Miriam Tuliao
The dog days of summer invite lazy afternoons relaxing with a great book at the beach or on the deck. In my position as the assistant director of Central Collection Development for the New York Public Library, I’m lucky to get an early introduction to noteworthy new books. Here are my picks for five summer reads you surely won’t want to miss:
Intrigue and suspense start early in Jennifer McMahon’s Island of Lost Girls (Harper Paperbooks; April 2008). The novel’s opening scene finds Rhonda Farr filling up her car at a gas station and witnessing a six-year-old girl being abducted by a stranger wearing a rabbit costume.
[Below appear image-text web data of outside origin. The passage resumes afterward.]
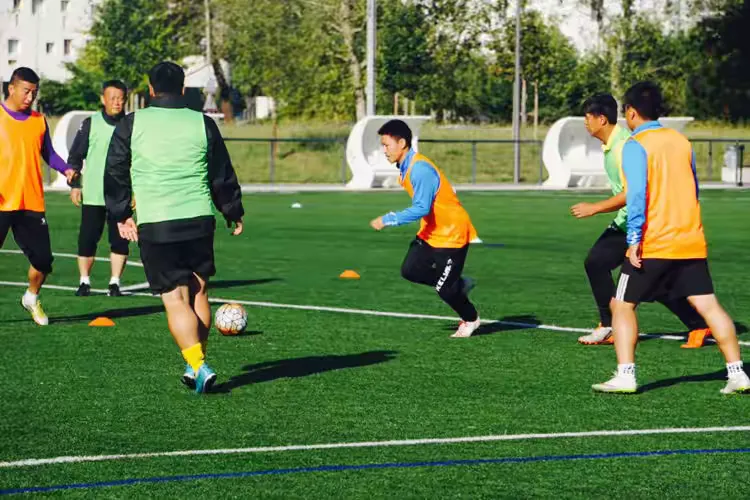 关于波尔多足球队在比赛中展现出了出色的团队合作的信息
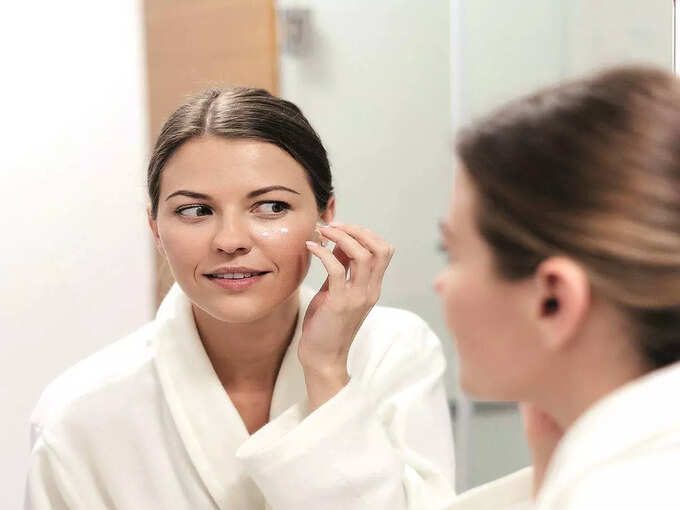 Glycerin For Oily Skin : எண்ணெய் வழியிற முகத்தையும் மென்மையாக்க உதவும் கிளிசரின்? 9 samayam tamil Tamil News Spot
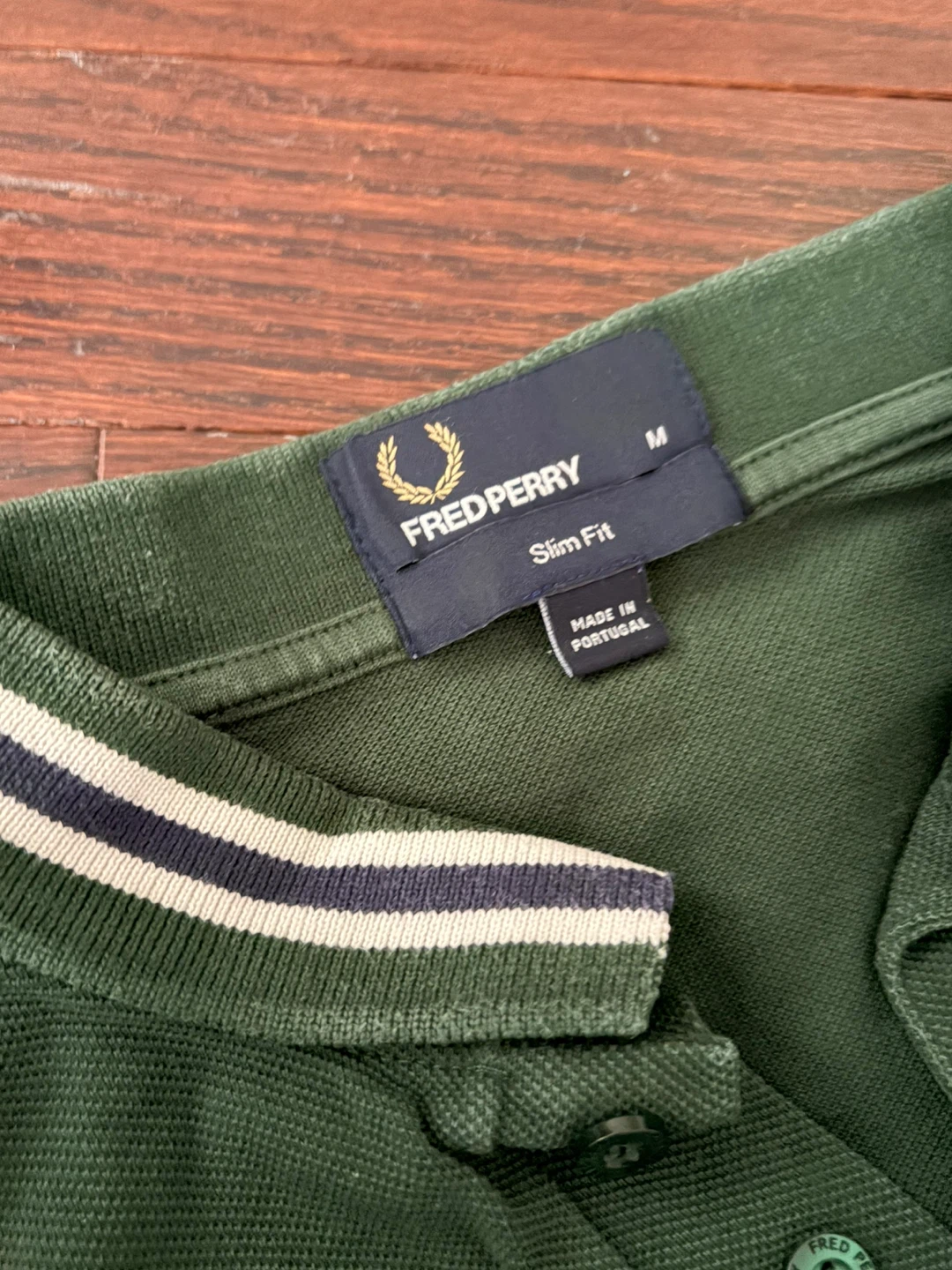 LIKE NEW: Fred Perry Slim Fit Polo Shirts - Size M - photo 2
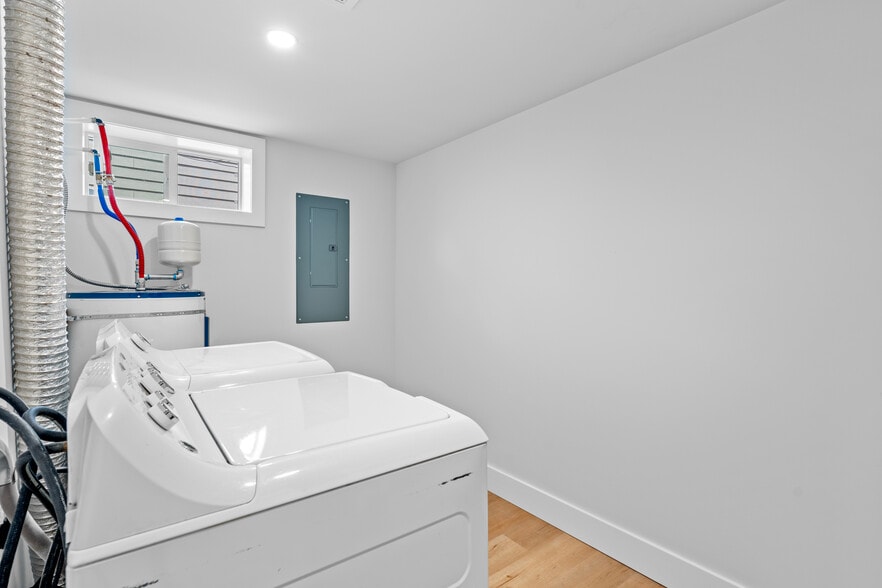 Laundry Room - 5263 NE 32nd Pl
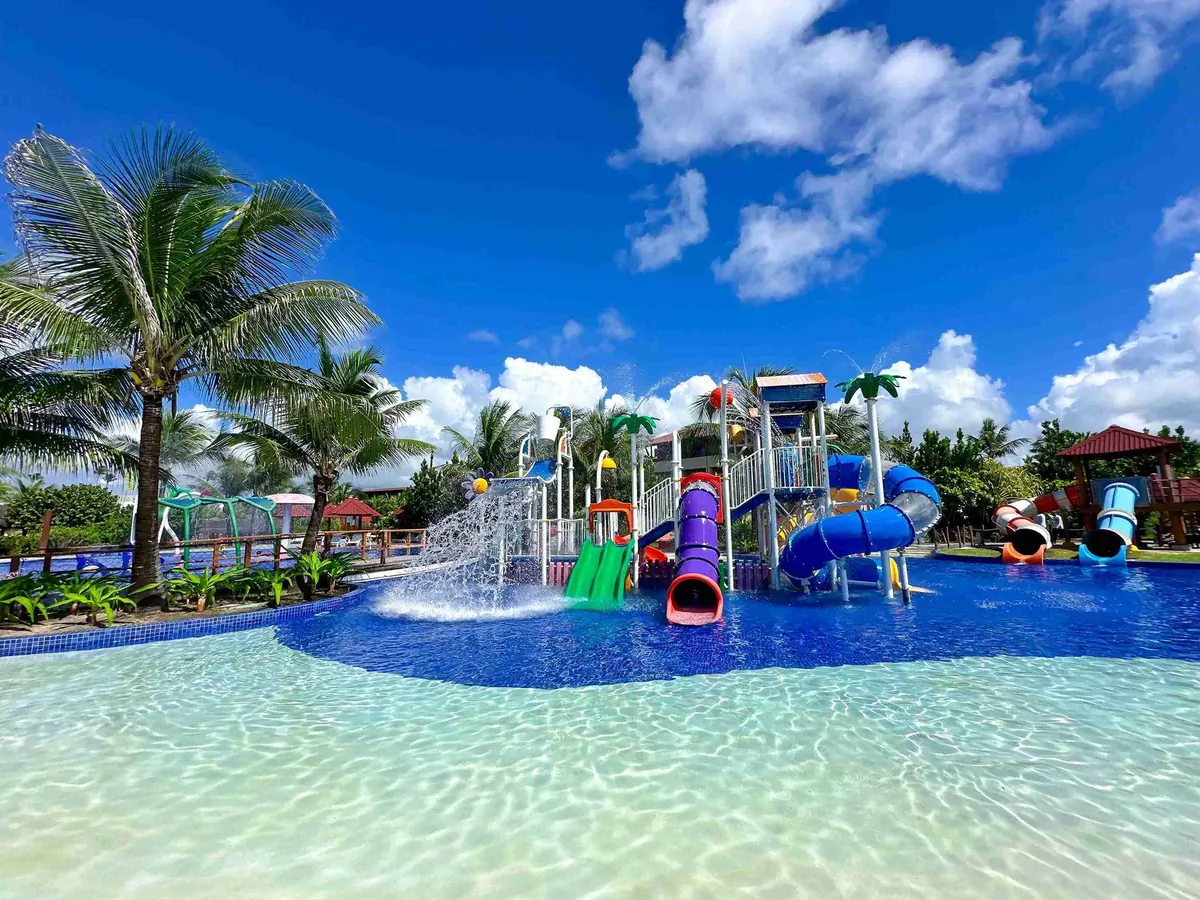 Parque aquático infantil do Enotel Porto de Galinhas, com toboáguas coloridos e piscina rasa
Gil Adamson’s The Outlander (Ecco; April 2008), set in 1903, is a startlingly lyrical debut novel about a 19-year-old widow’s desperate odyssey. After murdering her husband, Mary Boulton scrambles across Canadian foothills while her two vengeful brother-in-laws are in hot pursuit.
Victoria Lustbader examines the complexities of love and loss in her latest novel, Stone Creek (Harper Paperbacks; May 2008). She tells the affecting story of a lonely wife who finds solace in the company of a young widower and his five-year-old son.
In Helping Me Help Myself: One Skeptic, Ten Self-Help Gurus, and a Year on the Brink of the Comfort Zone (William Morrow; January 2008), Beth Lisick commits to a year of self-improvement. The California-based writer provides droll, enlightening chronicles of her journey, which include attendance at an Orman-led financial seminar and a “Cruise to Lose” with Richard Simmons.
In Kabul Beauty School: An American Woman Goes Behind the Veil (Random House Trade Paperbacks; December 2007), Deborah Rodriguez offers a captivating and colorful account of developing a cosmetology training program in Afghanistan after the fall of the Taliban.